Fingertips brush his cheek, and Alistair doesn’t have to open his eyes to know they are from Julian’s green leather glove. He turns toward them like a rose towards the morning sun, still afraid to look, listening instead.
“Come back. Come back to me, Alec. ” he hears Julian whisper, feels an arm around him. Alistair grips the pommel of his sword, counts slowly to eleven before he opens his eyes and when he does. . .
The fire blazes bright in the darkened woods. He’s there, wrapped in Julian’s cloak, feeling the edge against his cheek, the worn red leather trim worked with scarlet metal thread, the one worn by the Knight of the Ruby Blaze. “Here. You’ve done so much.” Julian’s voice is soft now, tender. “I’ll tell the rest. It’s my favorite part.” Julian inhales and Alistair lets himself close to Julian, warm.
“. . .The bed was all silk and ermine, warm as a lover’s heart. I woke there not knowing where I was or how I had gotten there. It was the war and things were strange in those days, but I was well fed and could breathe safely. I looked to my side, and what do you think I saw there?”
Alistair looks up, afraid, but there’s only a slight shimmer of saltwater in Julian’s dark, sweet eyes.
“My heart’s desire. . .” whispers Julian, running his leathered fingertips over Alistair’s lips. Alistair’s heart beats like a bird’s, so fast he can barely speak, his lips forming tiny kisses against those fingers.
“. . . lying against me in that bed I’d heard about since I was small, in the room that smelled of cinnamon, the music from the dances still floating up through the air . But nothing was as beautiful as my lord, his silver-and-golden hair, his wise eyes, his strong body, his arms around my hips.”
Julian whispers, reverently, like a blessing.
“In that bed, all I could feel was my lord’s – my Alec’s – strong and beautiful heart. I had loved it – loved him – from the moment I saw him.” Julian’s voice trembles for a moment, but he breathes in, breathes out strong and firm.

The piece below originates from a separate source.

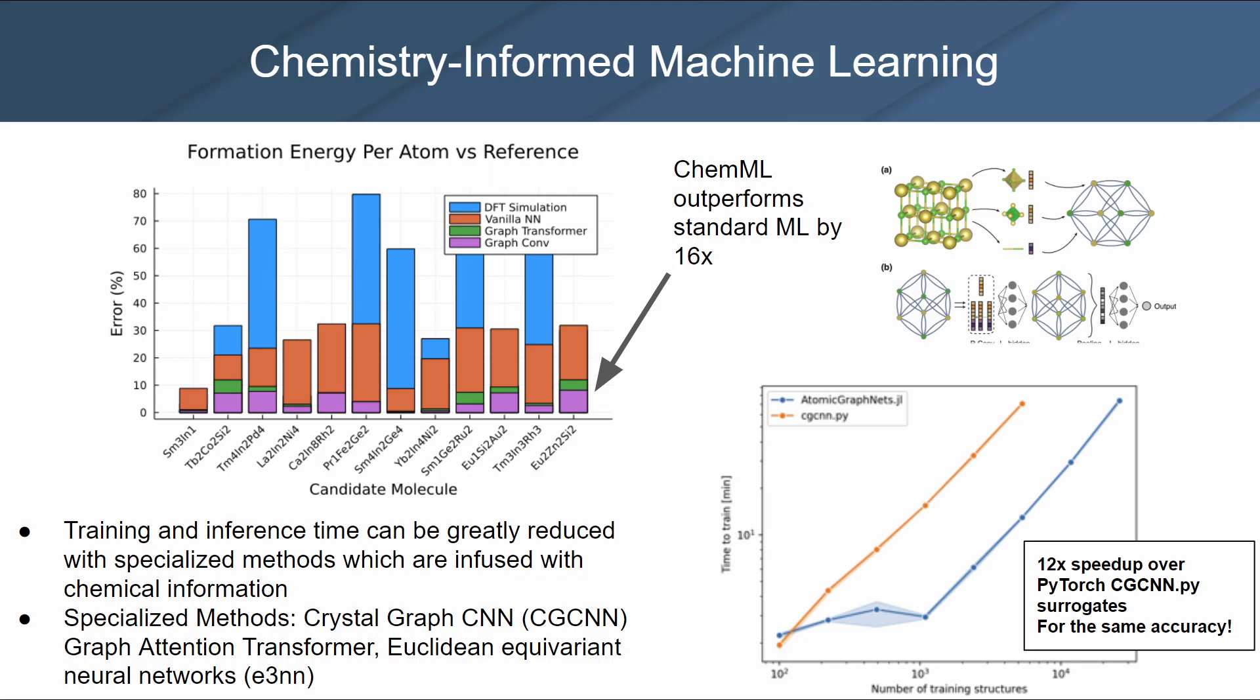A popular technique in the sphere is the crystal graph convolution neural network, which represents the crystal structure by crystal graph to encode atomic information and bonding interactions between atoms. A convolution neural network is employed on this graph, and the model is trained using the data generated by DFT.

Alistair is weeping now, unashamed, feeling the poison drain out, all the filth and dirt of war becoming gold inside his veins, his skin, his body suffusing with light. Julian’s arm is around his shoulder, Julian whispering the end of the tale into his ear:
“And so we lay with each other. I woke on a cold hillside far away in the Cities of Reeds and promised I’d come back. I knew I was his always. Even if I could never tell him. But I waited. I sat by the bedroom door, swore to protect my lord with my life, and promised I’d tell him when the time was right.”
Julian looks deep into the sea of Alistair’s eyes, sees the flash of blue return at last.
“And now I have. And that’s the story.”
Alistair leans forward, and Julian does, too.
Like the best of all stories it ends with a kiss, a kiss of fire, beauty and joy, one to drive away the darkness of the nights to come. They will stand with their gifts in the capital: they will ride back to the keep through falling golden leaves, whirl with their swords like fires of garnet, silver and gold around straw men.
At night, Julian will hold Alistair close and kiss him. If he wakes, Julian will tell him that the war is over, he’s safe now, and Julian will always say it. Always. They will raise a red and silver banner and on it will be the words A mon seul désir, and that will be the beginning of their story.
For now, the fire burns. The lovers lie wrapped together, warm with kisses and hippocras. They are safe from malevolent spirits and brigands, all the shadows of the world at bay. On the cold ground, their bed of cloaks and furs is sweeter than a bed of mysterious silks, a miracle.
It is that time of year after all, when strange things still sometimes happen.